Whilst I found Euros Lyn's direction a little stale in 'The End Of The World', here it looks truly brilliant. The exterior scenes sweep in and out and about, giving Cardiff a grand and appealing guise whilst the interiors are nicely contrasted between the large and comfortable main rooms where the richer reside, and the cramped relative squalor of the servants' whereabouts.
Just observe the difference between the grandiose wide shots of Charles Dickens' horse and carriage trotting down Cardiff, and the cramped tight shots of the smaller and more haunting cellar in Sneed's house. It's visual moments like this which set scenes far better than any dialogue could ever do, and full points must go to both Euros Lyn, and the unsung hero of the New Series, the Director Of Photography: Ernie Vincze BSC.
Murray Gold's incidental music for 'The Unquiet Dead' perfectly compliments the visuals and the tone of script, with the rousing music following the explosion of Sneed's house being the highlight of it. There is arguably too much music, but when it is as good as it is here, there is little room for complaints.
Mark Gatiss' script is thankfully every bit as impressive as the visual interpretation of his words. The dialogue literally crackles, with the interaction between the Doctor and Rose managing to perfectly capture the relationship thus far exclusively established by Russell T. Davies; their banter throughout is evocative of older Doctor-companion partnerships, whilst also managing to tie in with the new direction for such a pairing. The Doctor's comments concerning Rose's Victorian costume perfectly captures this, and that is merely one moment in a story full of such delights. For me, however, the stand-out moment has to be Rose's first footstep into Victorian snow; her acting, the direction, the music, the sound effects and Gatiss' expert handling of the situation is a real lump-in-the-throat moment. You suspend your disbelief- you believe you are there.

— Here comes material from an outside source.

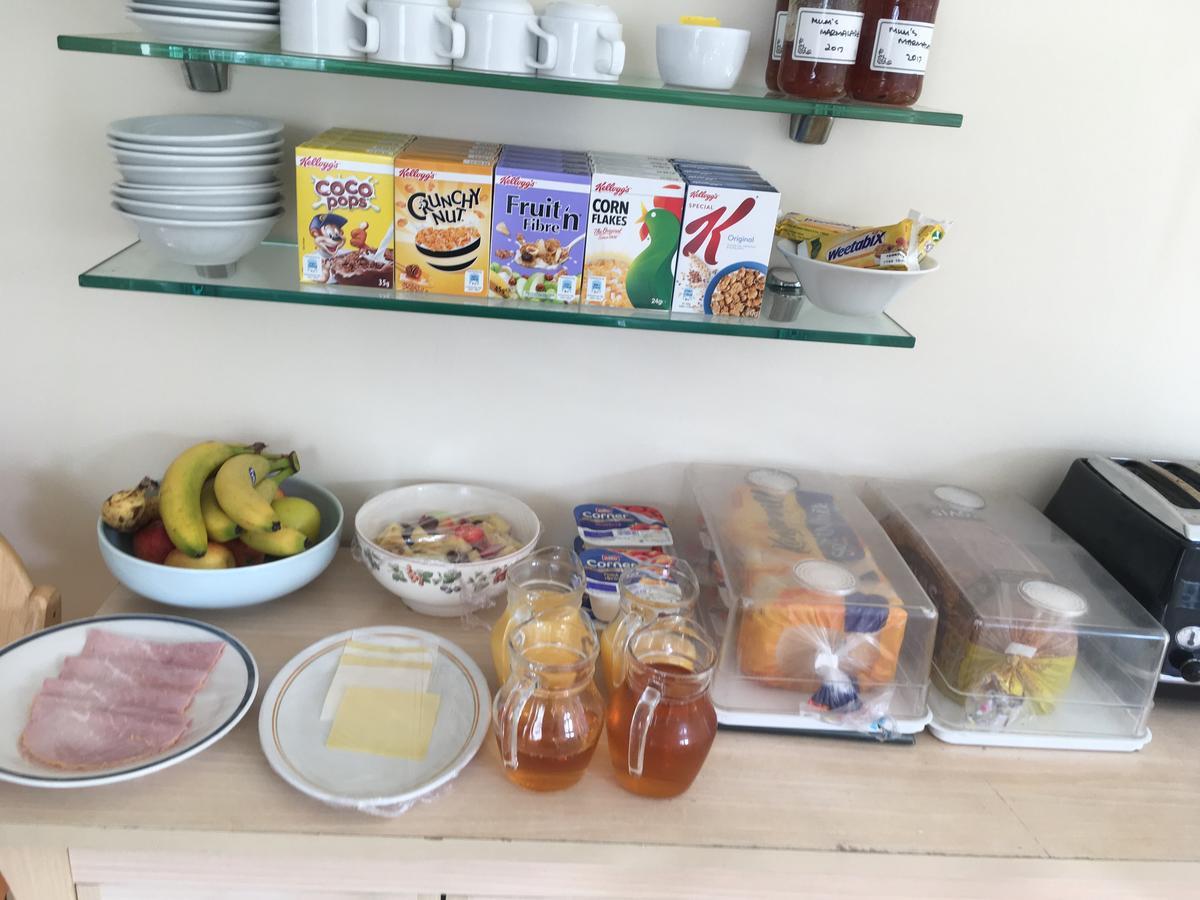 Oakhurst Gatwick B&B Crawley  Ngoại thất bức ảnh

The plot in 'The Unquiet Dead' is great too. Zipping along at a pace hitherto unknown to 'Doctor Who', the plot manages to tell the story of an alien invasion attempt, the hierarchal status of Victorian England whilst also charting the re-birth of Charles Dickens' youth. Beginning 'The Unquiet Dead' with a sombre and depressive Dickens and ending it with a reinvigorated and blissfully optimistic one gives the episode as a whole the same sort of positive feel.
Gatiss writes for Dickens so well that you can see why Simon Callow seems as happy as he is to be playing the character. His writing for the other cast is superb as well. Gabriel Sneed and Gwyneth are both instantly recognisable and well-realised characters, and the pairing of the two of them works very well indeed. As well as Dickens' story, this is Gwyneth's also. Her journey from hapless Servant girl to Saviour of the World is both touching and natural, and never feels forced. If only all writers could pull off such feats with perfection.
Perhaps best of all is the fact that 'The Unquiet Dead' boasts- without a shadow of a doubt- one of the greatest openings to a 'Doctor Who' story ever: possessed dead body kills man by breaking his neck, knocks out an Undertaker then screams out her gaseous innards in a very real sense. Cue title sequence. Brilliant!
In all, it is hard not to see why all the fuss was generated over this episode. The acting is brilliant; the script is strong; it is visual stunning; the episode throughout is aurally pleasing too with every sound effect and musical note being perfectly placed in the overall scheme of things. When the TARDIS dematerialises at the conclusion, you can see tiny flakes of snow tumble off the windows of everybody's best loved Police Box. It's little moments like this- such tiny attentions to detail- which raises this high up in the pecking order of quality throughout Series One. The general consensus was correct- 'The Unquiet Dead' really is on par with as good as it ever got.